(Task goal):
A verbatim copy of the records is required, with all pictures left out.
== Exercise material ==
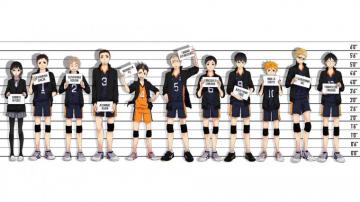 Haikyuu Shouyou Hinata Tobio Kageyama HD Wallpaper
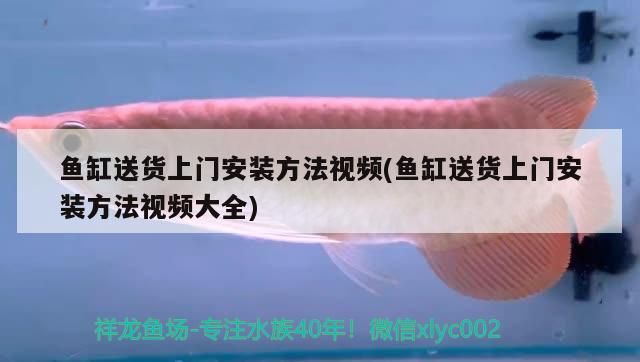 yee意牌水族用品怎么樣（意牌魚缸官網）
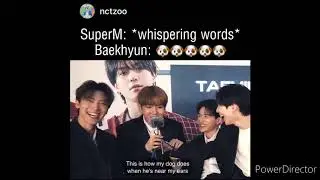 nct vines because misfit line is the best hiphop line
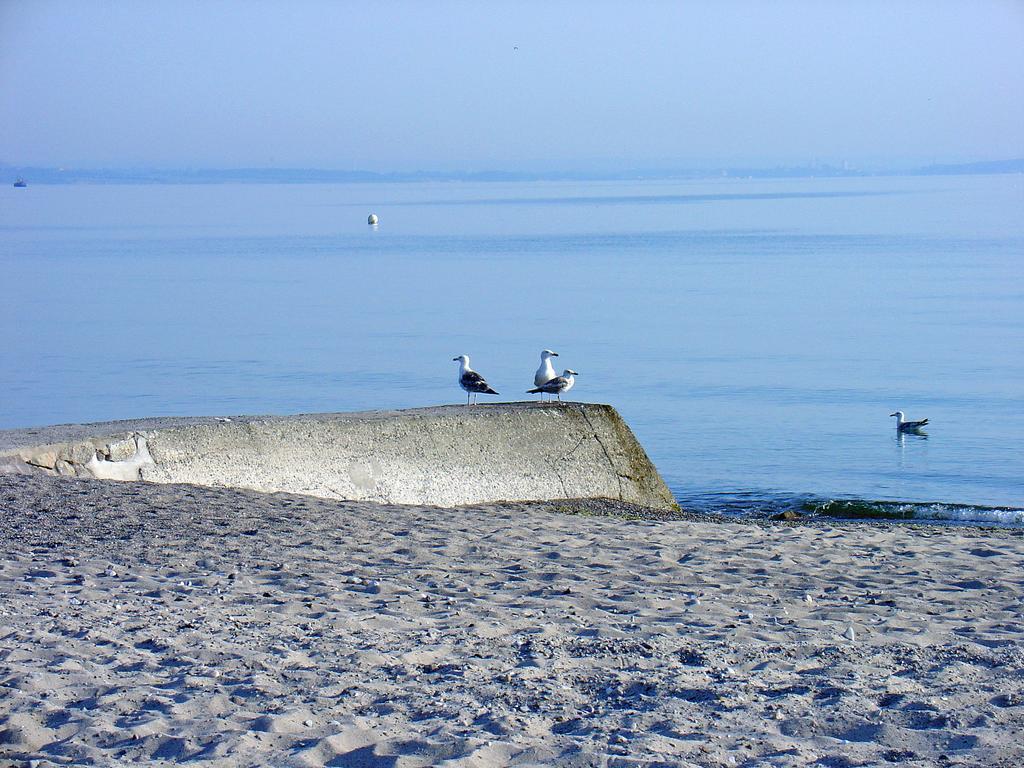 Fewo Machedanz Am Hafen Timmendorfer Strand Ot Niendorf Exteriör bild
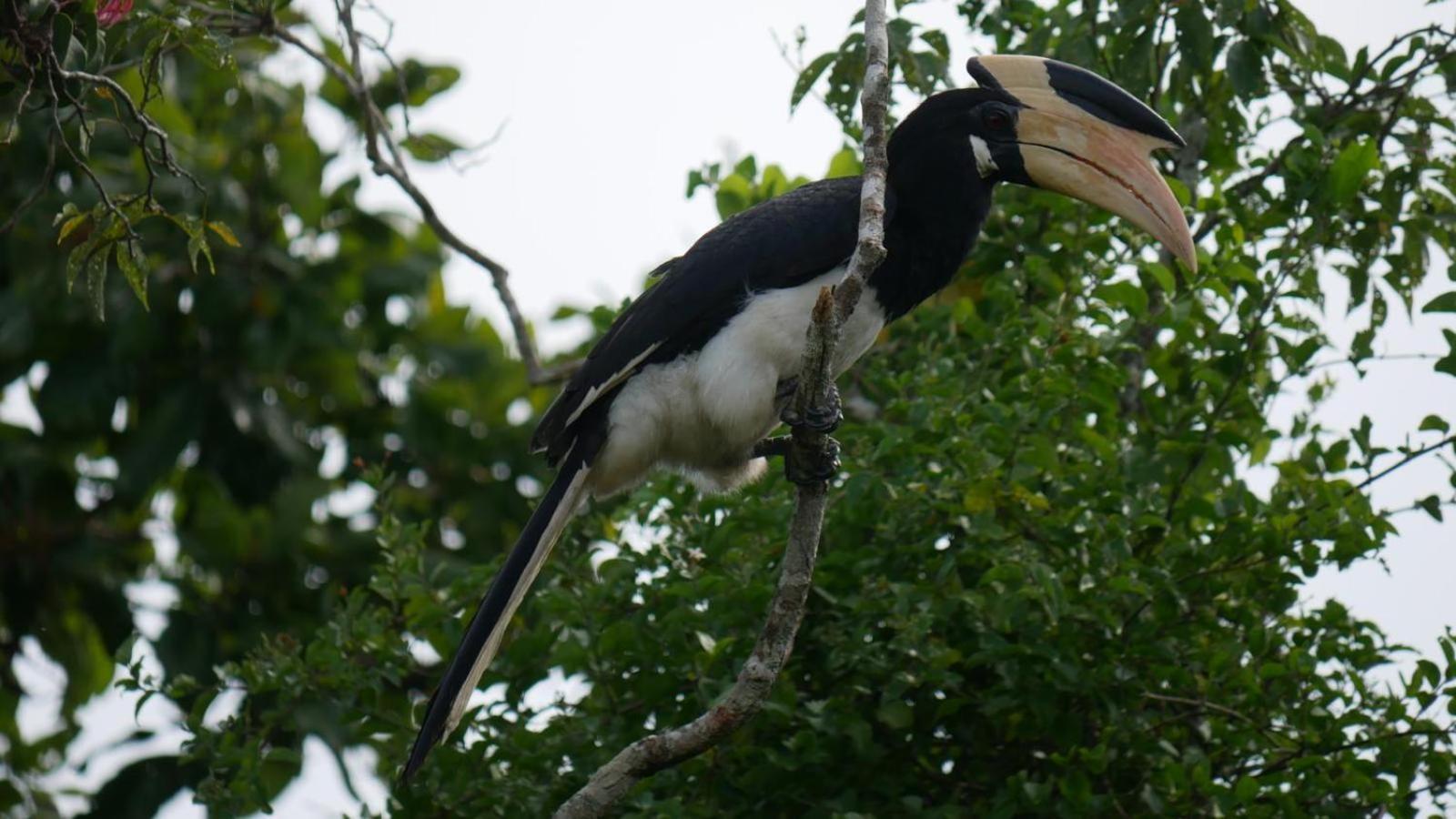 Suduweli Beauties Of Nature - Yala Киринда Экстерьер фото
===
(Exercise response):
 Haikyuu Shouyou Hinata Tobio Kageyama HD Wallpaper
 yee意牌水族用品怎么樣（意牌魚缸官網）
 nct vines because misfit line is the best hiphop line
 Fewo Machedanz Am Hafen Timmendorfer Strand Ot Niendorf Exteriör bild
 Suduweli Beauties Of Nature - Yala Киринда Экстерьер фото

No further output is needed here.